Finding the Antichrist on Google

This is my 666th blog post here on Where's My Jetpack? So now is the perfect opportunity to engage in the time-honored practice millions of fringe religious groups, theologians and prophecy "scholars" have engaged in since Nero was impaling Christians around Rome and then setting their bodies aflame. (To my Christian readers: Tim LaHaye's Left Behind series is pure and utter Crap. With a capital "C.")

Using Google, I will type in the names of prominent figures along with the word "antichrist." (Example: Olsen twins + antichrist) and then display the number of search results for each query.

Results:

Ahmadinejad 39,400
McCain 102,000
Bush 133,000
Obama 176,000
Hillary 232,000
Clinton 443,000
Gates 563,000
Jobs 597,000

Based on these results, I predict that if Clinton gets the nomination of her party and goes on to defeat McCain, there will be human sacrifices on the South Lawn of the White House every full moon, as well as during the solstices and equinoxes - or as often as it shall please Her Majesty, the Anointed One.

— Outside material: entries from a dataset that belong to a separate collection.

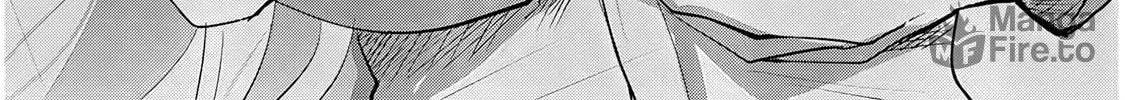 Kotowarenai Kaichou wa Tomoe-kun ni Dake shite Agetai Chapter 2 page 24 - 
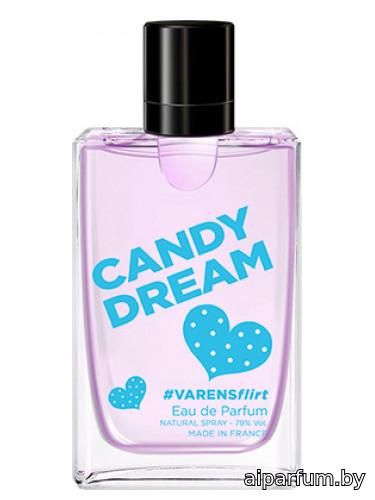 Candy Dream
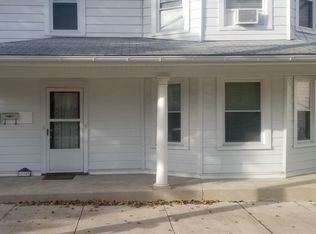 108 N Main St UNIT A, Boonsboro, MD 21713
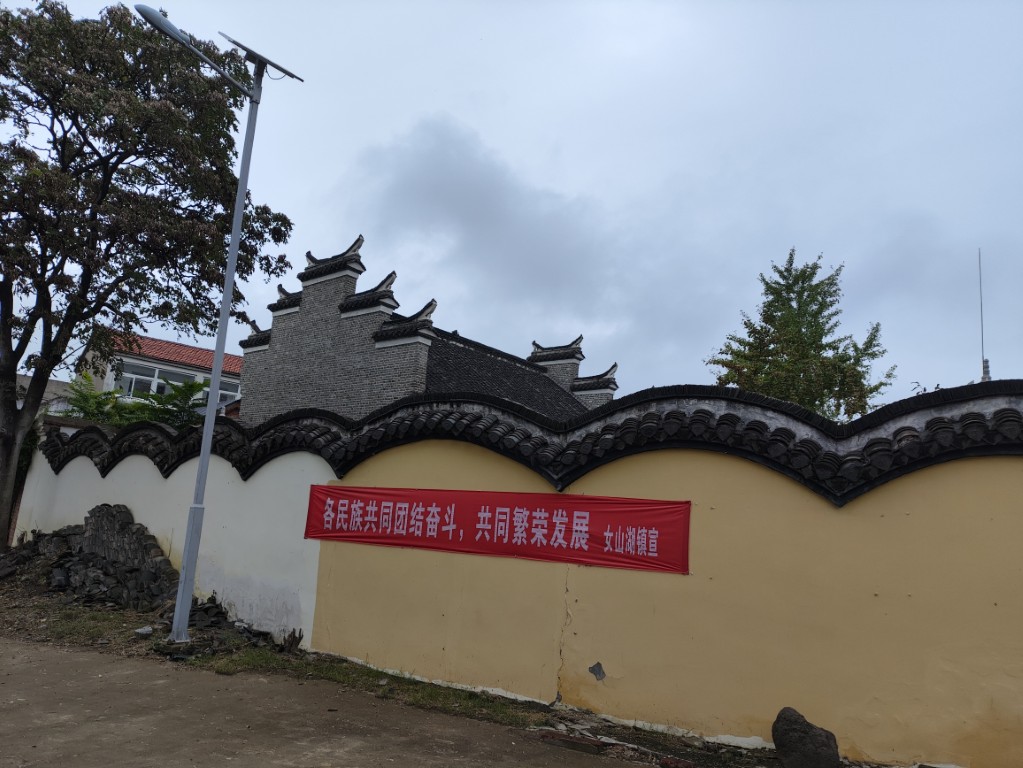 1777799346271053.jpg IMG_20250928_094412 (中).jpg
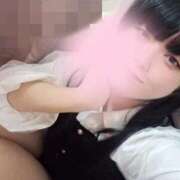 ヒメ日記 2025/10/08 22:08 投稿 みずき ホテピン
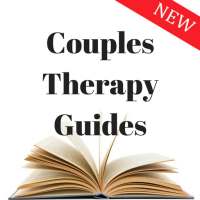 Couples Therapy Guides - Can it help you? on 9Apps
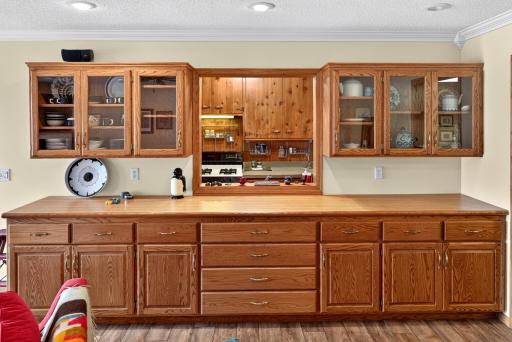 8890 Bishop Avenue NW, Maple Lake, MN 55358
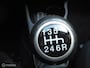 Fiat Punto TwinAir Turbo 100PK Edizione Cool 5drs METALLIC LAK+CRUISE CONTROL+RESERVEWIEL+BLUETOOTH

I was surprised by Steve Jobs edging out Bill Gates as a possible antichrist.

Then again, here is a photo of Steve Jobs as a child.

One more thing: searching Google + antichrist netted 984,000 results, proving perhaps that one day we will all serve our evil master Google.

Yeah, you're right. We already do.

(To my Jewish readers: The Hebrew character that respresents the number "6" is the same character that represents the letter "w" right? So "www" equals "666." Cool, huh?)